Didier took a shot at people who have endorsed Newhouse, a former state representative and agriculture director.
"As we've seen from my opponent, getting all of his endorsements from the west side, I would much rather have a fellow candidate, one who stands for limited government, that stands for God, that stands for family, endorsing this candidacy," Didier said.
Newhouse has been endorsed by numerous Eastern Washington elected leaders, including Hastings, Benton County commissioners Jerome Delvin and Jim Beaver, Kennewick Mayor Steve Young and nine state legislators, including Reps. Larry Haler, Terry Nealey and Maureen Walsh.
"I think Doc would be surprised that he lives on the west side of the state," Keough said.
Newhouse also picked up endorsements from the National Rifle Association and Washington Farm Bureau.
Didier's other endorsements include former Alaska Gov. Sarah Palin, the Human Life PAC of Washington, the Republican Liberty Caucus of Washington and Jerry Martin of the Tri-Cities Tea Party.
Cicotte gained inside knowledge of Didier and Newhouse during the campaign and found Didier to be a better leader, he said.
Cicotte and Didier also share a desire to restore respect for the Constitution, questioning how anyone can equate the desire for free contraceptives with the freedom to exercise religion, Cicotte said.
Now is not the time to elect a follower, who will go along with what the congressional hierarchy directs, Cicotte said.
"Look where that has gotten us -- to a Congress that doesn't lead, but merely spends as much as possible to keep lobbyists and special interests happy, and to assure reelection for decades," he said.
Cicotte differed from Didier on several issues during the campaign. Cicotte stood out among Republican candidates in refusing to agree to a no new taxes pledge from Americans for Tax Reform, an organization founded by Grover Norquist.
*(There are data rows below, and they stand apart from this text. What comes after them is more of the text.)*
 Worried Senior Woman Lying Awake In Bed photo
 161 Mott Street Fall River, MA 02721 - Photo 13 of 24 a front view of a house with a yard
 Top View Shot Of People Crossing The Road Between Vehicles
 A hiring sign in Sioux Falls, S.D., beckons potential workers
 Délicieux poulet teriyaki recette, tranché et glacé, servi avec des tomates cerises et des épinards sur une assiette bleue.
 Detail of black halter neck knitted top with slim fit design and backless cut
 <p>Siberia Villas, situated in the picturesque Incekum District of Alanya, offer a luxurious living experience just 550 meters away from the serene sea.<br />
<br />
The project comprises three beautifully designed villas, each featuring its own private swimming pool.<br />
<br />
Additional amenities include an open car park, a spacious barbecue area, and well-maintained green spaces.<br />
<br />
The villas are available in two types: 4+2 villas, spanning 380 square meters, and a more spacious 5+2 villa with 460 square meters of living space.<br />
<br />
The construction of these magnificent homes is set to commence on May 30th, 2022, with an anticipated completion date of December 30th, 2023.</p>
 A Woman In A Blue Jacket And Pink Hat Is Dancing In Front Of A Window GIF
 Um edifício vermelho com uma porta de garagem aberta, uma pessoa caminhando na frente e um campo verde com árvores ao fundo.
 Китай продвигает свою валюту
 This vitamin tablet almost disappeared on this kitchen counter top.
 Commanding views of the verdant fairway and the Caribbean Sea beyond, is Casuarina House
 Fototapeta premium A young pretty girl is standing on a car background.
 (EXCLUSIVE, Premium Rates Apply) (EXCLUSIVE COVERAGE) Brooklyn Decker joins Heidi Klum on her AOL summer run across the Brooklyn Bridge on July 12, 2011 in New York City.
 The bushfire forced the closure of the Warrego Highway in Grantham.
He called it a "special interest pledge" during the primary campaign, but Tuesday said that he largely opposed it because he wants to raise taxes on low-income residents.
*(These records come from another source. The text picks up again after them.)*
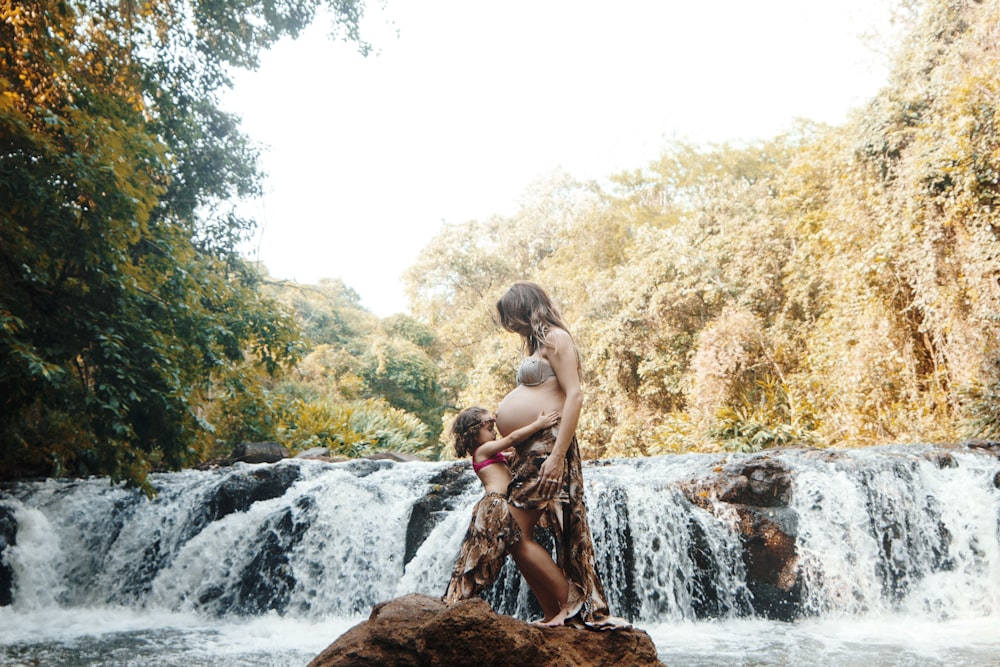 toddler hugging pregnant woman outdoors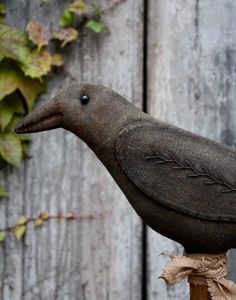 a bird statue sitting on top of a wooden pole next to a wall covered in ivy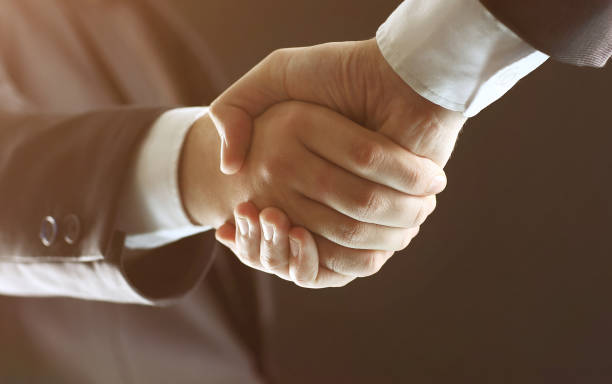 istock Handshake - Hand holding in the black background 899086078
"The people that aren't paying taxes now, and so, consequently, if I signed an agreement to never raise them, I couldn't solve that problem," Cicotte said. "Now I think most people didn't look into it that deeply. I think most people just say, 'Hey, I'm against raising taxes, so I'll sign on with Norquist's pledge.' "
Didier and Newhouse signed the Norquist pledge.
Didier led the August primary with 31.8 percent of the vote. Newhouse, also a Sunnyside farmer, qualified for the Nov. 4 general election by finishing with 25.6 percent.
Newhouse told the Herald's editorial board Sept. 10 that he had discussed an endorsement with Cicotte.
"He's wanting to wait and see for a while, he's got some reasons I suppose," Newhouse said. "He and I, actually if you recall, leading up to the primary, we were similar on a lot of the things that we talked about how we believed issues should be solved. I'm confident that a lot of his supporters will come my direction."
Cicotte's voters will still support Newhouse, Keough said Tuesday.
"When people learn the facts and learn who the candidates are, that Dan is a conservative problem solver and Didier is a person who wants to phase out Social Security and Medicare and VA medical services, I think they will vote for Newhouse," said Keough, reflecting the message of Newhouse's newly released TV advertisement.
Richard Badalamente of Kennewick, who resigned from the Citizens' Climate Lobby so he could publicly oppose Didier, supported Cicotte in the primary. He said Tuesday that he was disappointed to see Cicotte support Didier, a man he calls an "obstructionist."
The Citizens's Climate Lobby works on market-based solutions to climate change. Didier has called global warming a hoax for the government to gain more support for taxation.
"I think George Cicotte is making a mistake, not just because I think Clint Didier is exactly the wrong kind of person to send to (Washington, D.C.), but because there's really no need for George to endorse either candidate -- let the people decide," Badalamente said.